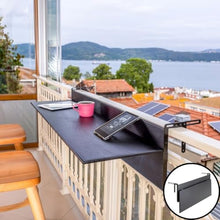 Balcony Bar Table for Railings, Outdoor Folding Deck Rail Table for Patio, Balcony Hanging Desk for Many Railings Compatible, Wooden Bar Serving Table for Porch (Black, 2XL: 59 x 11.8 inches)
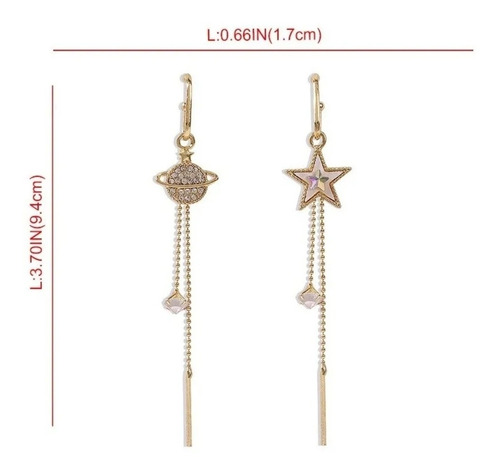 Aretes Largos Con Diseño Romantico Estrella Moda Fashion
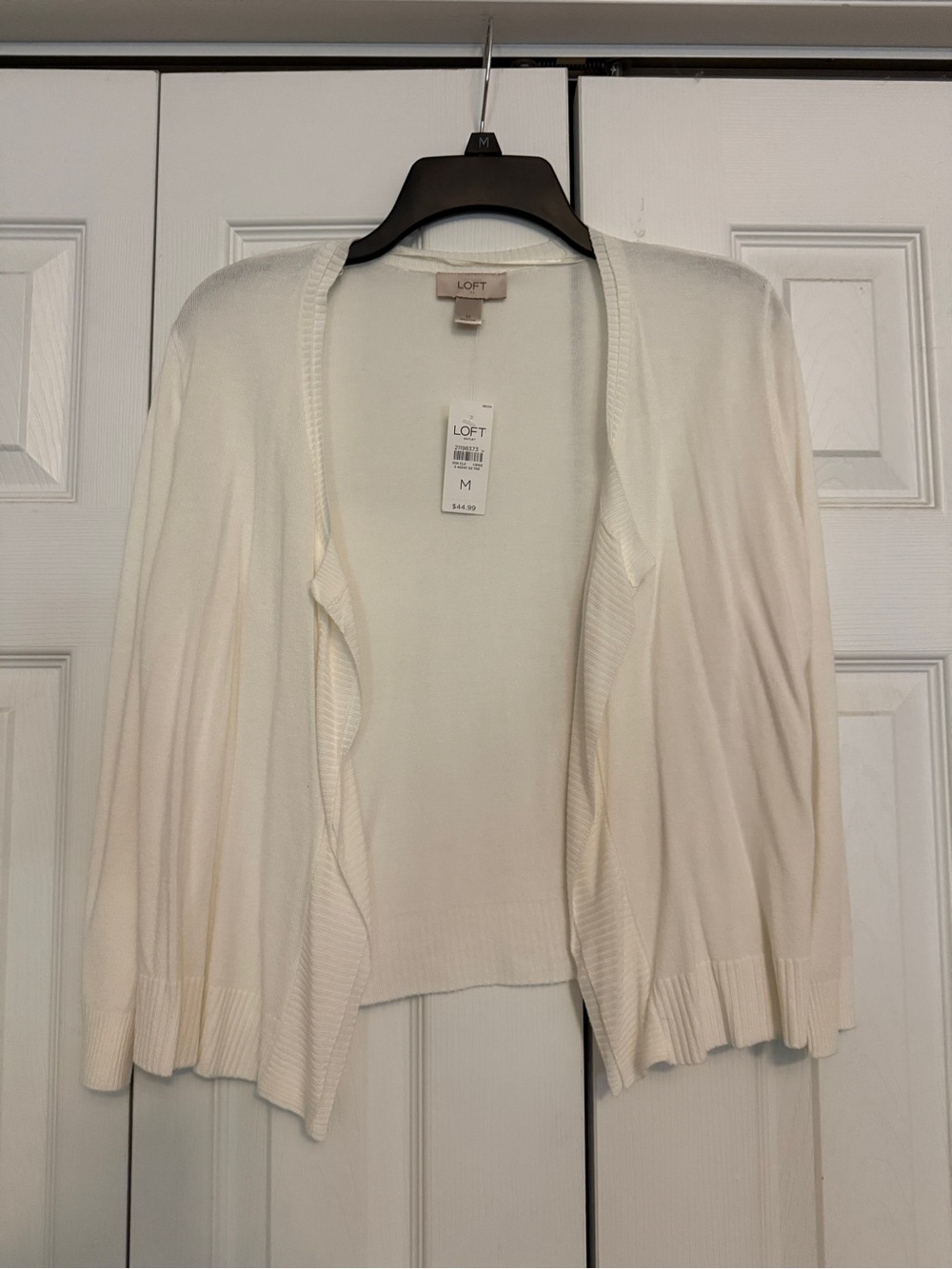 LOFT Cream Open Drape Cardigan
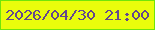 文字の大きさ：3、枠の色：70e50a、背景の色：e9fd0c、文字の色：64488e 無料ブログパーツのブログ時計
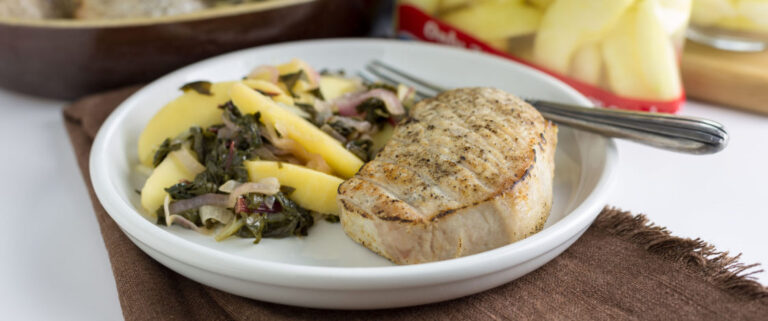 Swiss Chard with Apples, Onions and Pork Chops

• • •

### [TO DO]
Starting at the line with "Aretes Largos Con", output each line through the final one of the listing above, and nothing else. Pictures are to be left out.

### [ANSWER TO THIS TASK]
 Aretes Largos Con Diseño Romantico Estrella Moda Fashion
 LOFT Cream Open Drape Cardigan
 文字の大きさ：3、枠の色：70e50a、背景の色：e9fd0c、文字の色：64488e 無料ブログパーツのブログ時計
 Swiss Chard with Apples, Onions and Pork Chops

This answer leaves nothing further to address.